Because sometimes, even humanitarian-aid flights in Mickey's Il-76 become a cover not just for illicit extra cargo the crew themselves might want to carry, but for top-secret, Bond-style “black ops” missions by governments like our own.

JUST AS THE bad guys are all looking for a little legitimacy from the cover a UN contract or humanitarian mission provides, so do the people we'd normally think of as the good guys.

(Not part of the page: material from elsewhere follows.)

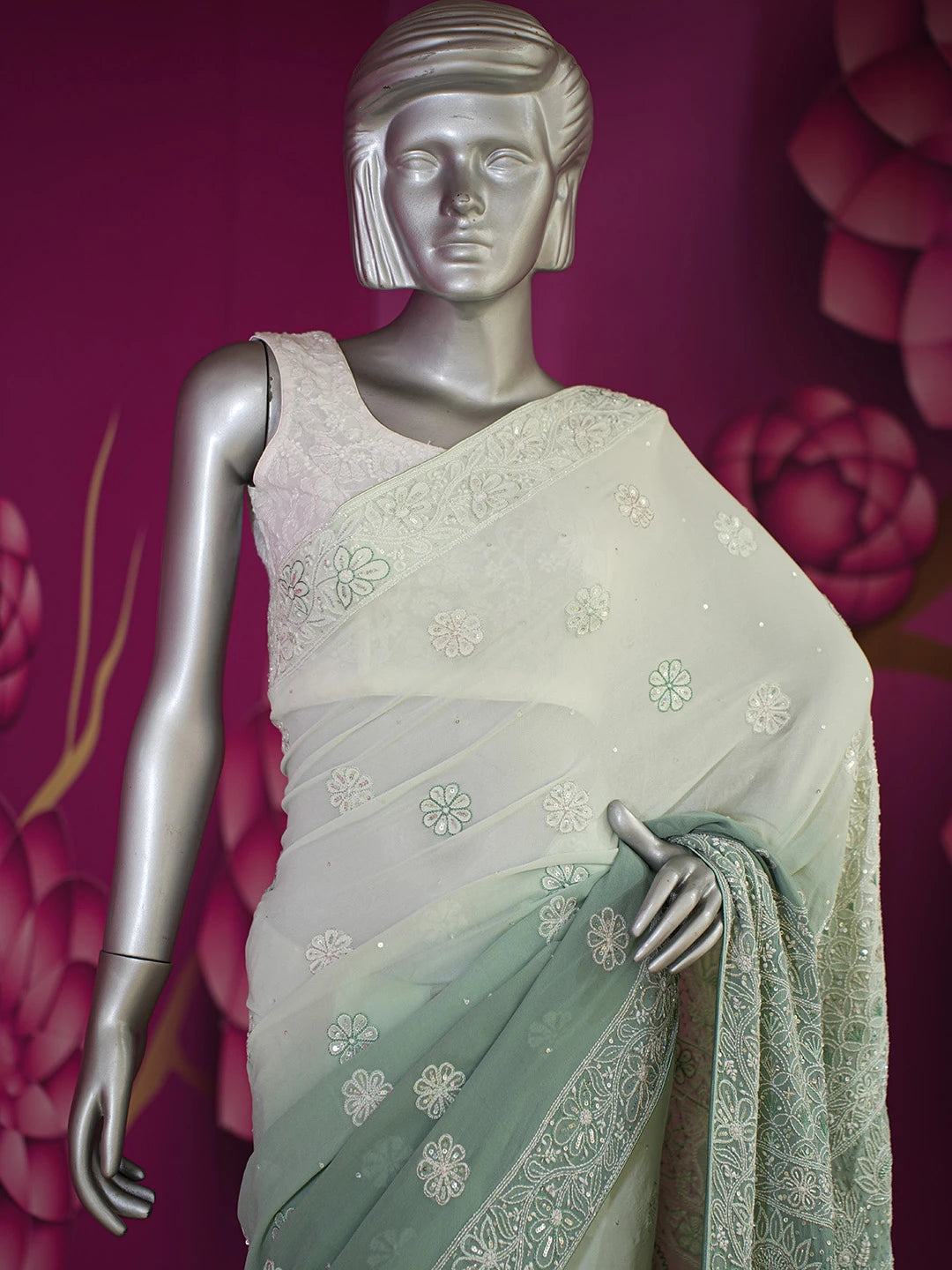 Ada Hand Embroidered Teal Green Pure Georgette Lucknowi Chikankari Saree/Blouse with Cutdana Work 01A567467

Which means someone very powerful indeed has an interest in providing the best smokescreen possible for whatever Mickey's crew is doing—and some of the “illicit” cargoes we're all trying to track are in fact carried as part of a highly complex, well-planned web of operations on behalf of our own governments. There have long been reports of unlisted passengers arriving and being spirited out of crisis areas by easygoing crews or game-playing operators. Diplomats and UN officials are known to fly undercover, inside specially comfort-fitted Il-76s, when they have to fly en masse. The photos are on the UN Web site after the fact; but for security reasons, the details are kept vague until they've landed. Indeed, I've been unlisted on most of my flights, albeit under less salubrious conditions, dealing directly with the crew alone and paying them for the inconvenience rather than go through official channels, airlines, or lessors themselves; it's simpler that way. But it's now clear that the odd cash flight, and the occasional scandal over “extraordinary renditions” of suspected Taliban combatants, is just the tip of the iceberg when it comes to governments turning to ex-Soviet black-cargo planes themselves when there's a shady job they need doing. According to Igor Salinger, Damnjanovic and Djordjevic's doomed arms shipment from Belgrade under the watchful eye of the MiloÅ¡evi
ć
regime was far from the only black-ops waltz the former Yugoslavia's cargo charter men danced with world governments. “They made a number of flights out of Bosnia on behalf of U.S. arms trading companies,” he smiles. “And we both know that in Bosnia you can't pee your pants without Langley CIA being informed.”